Criticism against Ryan has been as distorted as it is ill informed. MSNBC’s “The ED Show" interviewed David Cay Johnston, the 2001 Pulitzer Prize winner for "beat reporting". Johnston called in to question Ryan’s legitimacy on the basis that he’s a fan of ... Ayn Rand (?!).
In Rand’s book, “The Fountainhead,” a fictional character named Howard Roark blows up a building. In Johnston's view, that means people should evaluate the possibility that Paul Ryan is a proponent of blowing up buildings. Fortunately for Johnston, being able to make logical progressions were not a skill deemed necessary to winning the Pulitzer prize.
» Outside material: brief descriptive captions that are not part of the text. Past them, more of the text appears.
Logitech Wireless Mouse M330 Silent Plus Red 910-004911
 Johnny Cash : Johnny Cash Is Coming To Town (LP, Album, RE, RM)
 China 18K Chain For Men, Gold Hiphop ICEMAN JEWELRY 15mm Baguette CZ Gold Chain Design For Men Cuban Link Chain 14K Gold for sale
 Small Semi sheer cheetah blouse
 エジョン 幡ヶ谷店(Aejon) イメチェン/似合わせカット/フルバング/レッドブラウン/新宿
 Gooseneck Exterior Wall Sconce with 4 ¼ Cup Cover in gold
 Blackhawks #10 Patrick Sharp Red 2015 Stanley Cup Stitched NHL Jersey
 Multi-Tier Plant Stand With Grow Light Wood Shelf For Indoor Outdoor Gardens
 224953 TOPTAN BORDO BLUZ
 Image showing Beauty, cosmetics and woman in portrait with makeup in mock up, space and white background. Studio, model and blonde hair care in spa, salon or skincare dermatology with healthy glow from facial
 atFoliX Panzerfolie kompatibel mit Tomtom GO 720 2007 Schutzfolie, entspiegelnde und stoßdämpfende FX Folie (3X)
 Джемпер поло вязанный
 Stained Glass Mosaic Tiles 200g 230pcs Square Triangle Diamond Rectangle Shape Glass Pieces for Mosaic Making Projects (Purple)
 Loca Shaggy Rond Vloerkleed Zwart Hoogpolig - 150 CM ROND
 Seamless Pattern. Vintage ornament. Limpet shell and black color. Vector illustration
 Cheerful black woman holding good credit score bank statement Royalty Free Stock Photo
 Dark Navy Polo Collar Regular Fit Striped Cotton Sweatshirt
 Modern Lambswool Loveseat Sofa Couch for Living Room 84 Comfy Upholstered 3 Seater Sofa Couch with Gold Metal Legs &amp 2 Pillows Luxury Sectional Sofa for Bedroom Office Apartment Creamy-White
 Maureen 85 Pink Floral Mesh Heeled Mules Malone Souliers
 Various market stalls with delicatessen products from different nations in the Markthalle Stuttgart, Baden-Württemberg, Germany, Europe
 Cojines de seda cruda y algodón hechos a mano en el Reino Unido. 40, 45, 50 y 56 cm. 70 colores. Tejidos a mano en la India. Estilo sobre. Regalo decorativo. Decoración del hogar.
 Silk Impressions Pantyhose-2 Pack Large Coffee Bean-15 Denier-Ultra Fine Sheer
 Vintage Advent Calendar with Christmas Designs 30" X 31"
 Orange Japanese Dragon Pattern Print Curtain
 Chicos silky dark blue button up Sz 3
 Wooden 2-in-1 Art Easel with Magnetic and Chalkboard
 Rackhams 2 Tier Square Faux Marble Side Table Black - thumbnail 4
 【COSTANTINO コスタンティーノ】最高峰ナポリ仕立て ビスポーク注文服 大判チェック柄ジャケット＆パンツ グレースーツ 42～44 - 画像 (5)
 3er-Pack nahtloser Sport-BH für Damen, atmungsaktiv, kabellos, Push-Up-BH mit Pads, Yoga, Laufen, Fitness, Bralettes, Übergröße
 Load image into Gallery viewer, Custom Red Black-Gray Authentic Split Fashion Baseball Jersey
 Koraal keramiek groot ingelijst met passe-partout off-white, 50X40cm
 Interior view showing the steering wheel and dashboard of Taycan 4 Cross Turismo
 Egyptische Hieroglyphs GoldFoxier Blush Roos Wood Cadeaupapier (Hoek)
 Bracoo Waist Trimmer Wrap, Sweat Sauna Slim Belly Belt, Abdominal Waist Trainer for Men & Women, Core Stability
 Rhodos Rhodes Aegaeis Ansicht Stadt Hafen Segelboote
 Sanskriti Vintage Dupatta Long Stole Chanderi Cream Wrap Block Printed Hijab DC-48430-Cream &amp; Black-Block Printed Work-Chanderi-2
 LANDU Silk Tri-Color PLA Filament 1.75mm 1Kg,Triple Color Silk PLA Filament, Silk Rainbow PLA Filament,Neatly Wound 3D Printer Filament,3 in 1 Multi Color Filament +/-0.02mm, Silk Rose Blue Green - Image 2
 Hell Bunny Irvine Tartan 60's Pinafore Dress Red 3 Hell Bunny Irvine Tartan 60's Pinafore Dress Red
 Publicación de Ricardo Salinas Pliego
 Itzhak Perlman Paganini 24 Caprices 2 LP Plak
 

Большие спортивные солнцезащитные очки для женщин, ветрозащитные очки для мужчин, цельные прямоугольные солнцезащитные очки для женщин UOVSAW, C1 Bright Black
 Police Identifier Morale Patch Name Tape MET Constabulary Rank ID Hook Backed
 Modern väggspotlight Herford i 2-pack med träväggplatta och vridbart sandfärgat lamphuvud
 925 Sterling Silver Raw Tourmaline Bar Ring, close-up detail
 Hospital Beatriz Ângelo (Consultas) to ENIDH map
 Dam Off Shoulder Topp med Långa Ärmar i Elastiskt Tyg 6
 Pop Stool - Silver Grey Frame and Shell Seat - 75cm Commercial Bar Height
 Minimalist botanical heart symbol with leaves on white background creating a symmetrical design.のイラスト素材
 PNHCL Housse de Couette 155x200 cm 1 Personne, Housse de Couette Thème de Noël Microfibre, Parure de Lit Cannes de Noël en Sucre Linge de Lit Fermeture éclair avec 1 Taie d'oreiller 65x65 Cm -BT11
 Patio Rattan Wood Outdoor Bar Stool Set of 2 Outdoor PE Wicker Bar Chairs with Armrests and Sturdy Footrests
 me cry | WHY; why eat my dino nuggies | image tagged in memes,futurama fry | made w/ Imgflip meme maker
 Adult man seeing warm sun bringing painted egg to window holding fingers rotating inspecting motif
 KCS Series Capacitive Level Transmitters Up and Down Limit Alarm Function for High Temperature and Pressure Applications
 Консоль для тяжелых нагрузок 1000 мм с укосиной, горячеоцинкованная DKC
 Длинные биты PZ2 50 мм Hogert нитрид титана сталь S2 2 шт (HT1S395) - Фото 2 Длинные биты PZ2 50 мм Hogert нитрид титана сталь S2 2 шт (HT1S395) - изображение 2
Johnston offered a few beat reporter insights:
“You know, Congressman Ryan requires his staff to read Ayn Rand, whose fictional hero, Howard Roark, is a man who blew up a building because it wasn’t built exactly to his specifications as the architect”No, Mr. Pulitzer prize, Mr. Ryan does not require his staff to read Ayn Rand. That's just a made up piece of nonsense. Apparently Mr. Ryan has read "The Fountainhead" and does believe it holds themes that are relevant and worth appreciating, themes such as the evil of oppressive statism and the loss of individuality, but he does not require his staff to read novels, this one or any other. That would just be silly, a term which fits your whole appearance on the "ED" show.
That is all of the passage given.